Tutto ciò, nel silenzio dei nostri ex comunisti che, passati intanto al seguito di Prodi e oggi agli ordini di Renzi, non solo non difesero la loro storia e i loro simboli, ma provarono a inventarsi un Gramsci ostile al PCI, perché non sarebbe poi facile mettere al bando un uomo della sua statura morale e la sua eredità politica e culturale. Non a caso, qui da noi, in quegli anni, presero ad impazzare, impuniti, vecchi e nuovi fascisti, si mise mano alla Costituzione e si prese a processare la Resistenza: si volevano creare condizioni adatte a una futura estensione del bando a tutti gli Stati membri dell’Unione. Erano gli anni in cui si parlava di «Costituzione Europea» e si fingeva di ignorare che l’Europa Unita aveva già avuto una sua buona legge fondamentale, approvata dal Parlamento Europeo, ma rifiutata dagli Stati Nazionali.

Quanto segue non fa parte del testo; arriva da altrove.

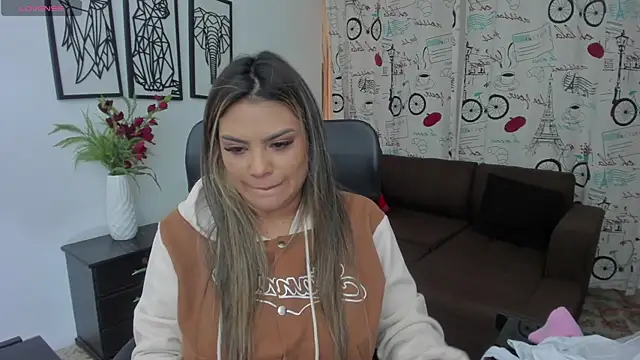 sweetfabianaxl online show from February 21, 2025, 7:43 pm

Alla vigilia delle elezioni europee, non sarà male ricordare gli arrestati di Budapest, colpevoli di aver mostrato un distintivo con la stella rossa alla manifestazione che si tiene ogni anno al Piazzale degli Eroi, e rammentare a Renzi e ai suoi smemorati elettori che la nostra Repubblica e l’Unione Europea non sarebbero mai nate senza il sangue versato dai partigiani comunisti e dai milioni di sovietici caduti combattendo contro i tedeschi di Hitler. Quei tedeschi che oggi riconoscono i nazisti golpisti di Kiev.
E’ vero, sì, dai tempi di Marx ed Engels la stella rossa accompagna il movimento operaio e la lotta di classe, ma proprio per questo è diventata simbolo delle conquiste dei lavoratori e di una grande stagione di lotte per il riscatto delle classi subalterne. Un simbolo di civiltà. Quella civiltà che il capitalismo, ben rappresentato da Nolte, sta cancellando dalla storia dell’Europa a trazione tedesca, facendo appello una volta ancora a svastiche naziste, alla sistematica violazione del diritto internazionale e della sbandierata autodeterminazione dei popoli.
Chi finge di ignorare tutto questo, votando il pupo fiorentino, non s’illuda di punire Stalin: darà solo una mano ai padroni del vapore che sostennero i nazifascisti. Quei nazifascisti ai quali l’Unione Europea, Merkel in testa, copre oggi le spalle a est.
E’ vero, la storia non si ripete, ma le tragedie sì. Le tragedie si ripetono.